Mamoré
- Full name: Esporte Clube Mamoré
- Nickname(s): Sapo (Toad)
- Founded: June 13, 1949
- Ground: Estádio Bernardo Rubinger de Queiroz, Patos de Minas, Minas Gerais, Brazil
- Capacity: 10,252
- Chairman: Marcelo Reis Batista da Silva
- League: Campeonato Mineiro Segunda Divisão
- 2023: 1st of 17 (promoted)
| Home colours | Away colours |

= Esporte Clube Mamoré =

Brazilian football club

Esporte Clube Mamoré is a Brazilian football team, from the city of Patos de Minas, Minas Gerais. It is one of the most important clubs in the interior of Minas Gerais, having participated in the Copa Sul-Minas, Campeonato Brasileiro Série C and Taça São Paulo de Futebol Júnior. Their biggest rival is URT, also from Patos de Minas.

==History==
On June 13, 1949, Esporte Clube Mamoré was founded.
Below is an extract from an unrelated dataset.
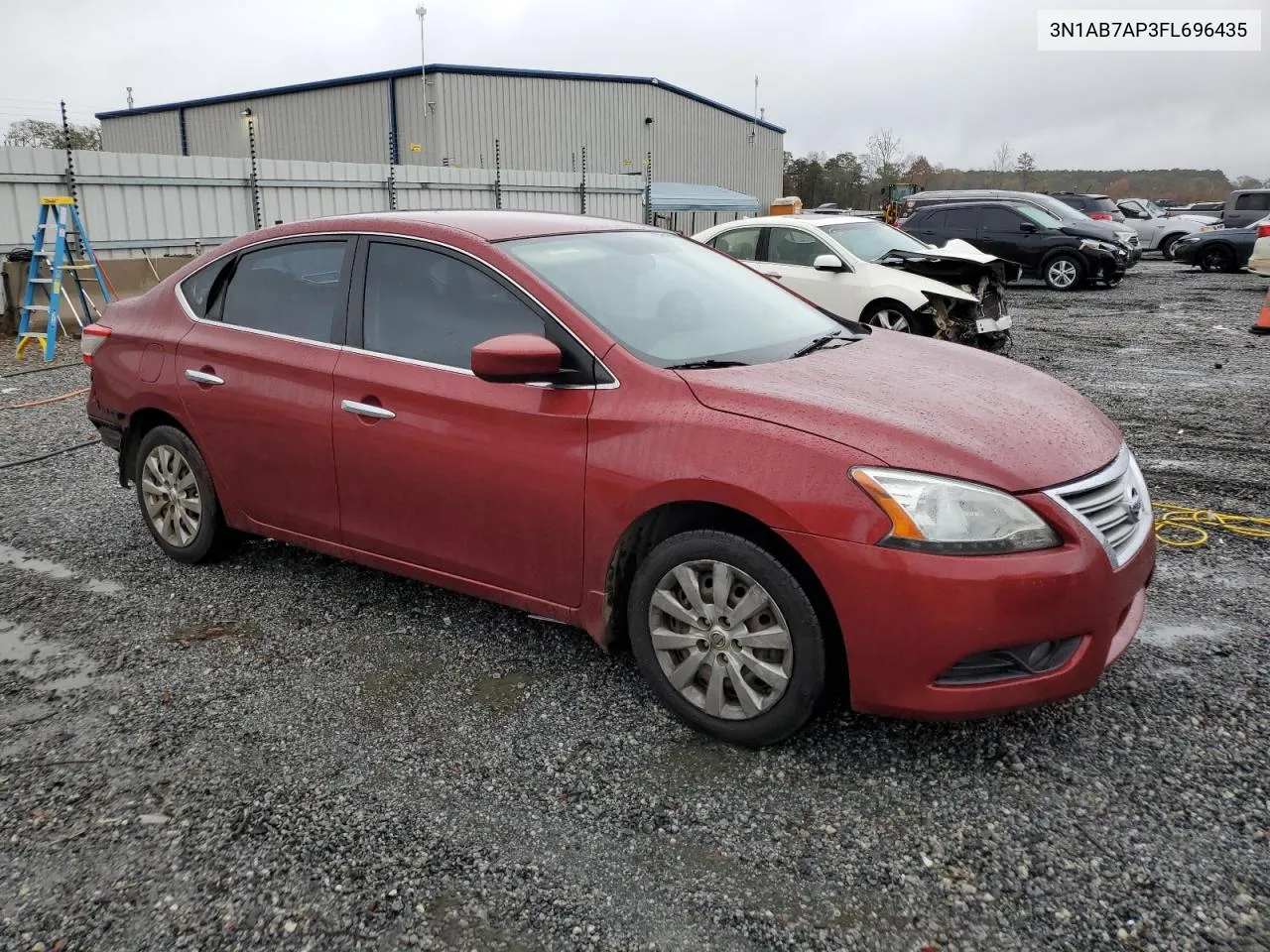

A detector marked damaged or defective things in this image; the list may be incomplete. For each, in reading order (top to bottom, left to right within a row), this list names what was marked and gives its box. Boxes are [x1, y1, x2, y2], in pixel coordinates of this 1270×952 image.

white damaged car [696, 214, 1021, 355]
Mamoré only became a professional club in 1989.

In 2001, the club disputed the Campeonato Brasileiro Série C, being eliminated in the first stage.

==Current squad (selected)==

| No. | Pos. | Nation | Player |
|---|---|---|---|
| — | DF | BRA | Rafael Estevam (on loan from América-MG; ) |
| — | DF | BRA | Wagner (on loan from América-MG; ) |

| No. | Pos. | Nation | Player |
|---|---|---|---|
| — | MF | BRA | Geovane (on loan from América-MG; ) |

==Honours==
===State===
- Campeonato Mineiro Módulo II
  - Winners (3): 1991, 2000, 2014
- Campeonato Mineiro Segunda Divisão
  - Winners (3): 1990, 2009, 2023
- Campeonato Mineiro do Interior
  - Winners (2): 1995, 2001

===City===
- Campeonato Citadino de Patos de Minas
  - Winners (6): 1956, 1969, 1971, 1973, 1974, 1989

==Mamoré anthem==
Leão de Formosa wrote the anthem, while José Dias dos Reis provided the music.

==Symbol and mascot==
Its symbol and mascot is the toad, or sapo in Portuguese.